_TASK DETAILS_: Report each line of the records below that holds the word "Farm".
[DATA FOR REVIEW Boundary: Start]
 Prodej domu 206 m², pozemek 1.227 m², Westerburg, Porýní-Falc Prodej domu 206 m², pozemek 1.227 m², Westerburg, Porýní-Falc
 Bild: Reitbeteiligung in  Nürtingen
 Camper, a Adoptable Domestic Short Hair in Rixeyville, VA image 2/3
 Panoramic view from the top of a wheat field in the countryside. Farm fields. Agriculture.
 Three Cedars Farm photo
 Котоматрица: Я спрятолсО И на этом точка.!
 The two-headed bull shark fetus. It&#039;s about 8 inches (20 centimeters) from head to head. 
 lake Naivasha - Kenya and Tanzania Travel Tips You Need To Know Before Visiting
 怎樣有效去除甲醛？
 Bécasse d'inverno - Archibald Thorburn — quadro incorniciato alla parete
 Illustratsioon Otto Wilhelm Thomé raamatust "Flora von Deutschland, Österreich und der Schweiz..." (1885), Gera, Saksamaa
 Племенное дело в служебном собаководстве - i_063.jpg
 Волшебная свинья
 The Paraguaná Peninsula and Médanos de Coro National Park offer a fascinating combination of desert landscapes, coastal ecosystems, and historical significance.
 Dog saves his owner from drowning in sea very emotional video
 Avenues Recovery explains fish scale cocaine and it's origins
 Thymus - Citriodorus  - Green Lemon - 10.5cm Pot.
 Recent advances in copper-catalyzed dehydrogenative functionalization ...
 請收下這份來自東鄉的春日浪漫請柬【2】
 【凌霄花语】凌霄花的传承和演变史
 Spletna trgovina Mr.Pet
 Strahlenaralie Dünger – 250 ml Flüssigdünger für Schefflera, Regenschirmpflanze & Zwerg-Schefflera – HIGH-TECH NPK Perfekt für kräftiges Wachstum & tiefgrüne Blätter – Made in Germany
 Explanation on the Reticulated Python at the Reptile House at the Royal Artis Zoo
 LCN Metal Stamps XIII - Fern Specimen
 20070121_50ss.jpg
[DATA FOR REVIEW Boundary: End]
_RESPONSE TO THE EXERCISE_:
 Panoramic view from the top of a wheat field in the countryside. Farm fields. Agriculture.
 Three Cedars Farm photo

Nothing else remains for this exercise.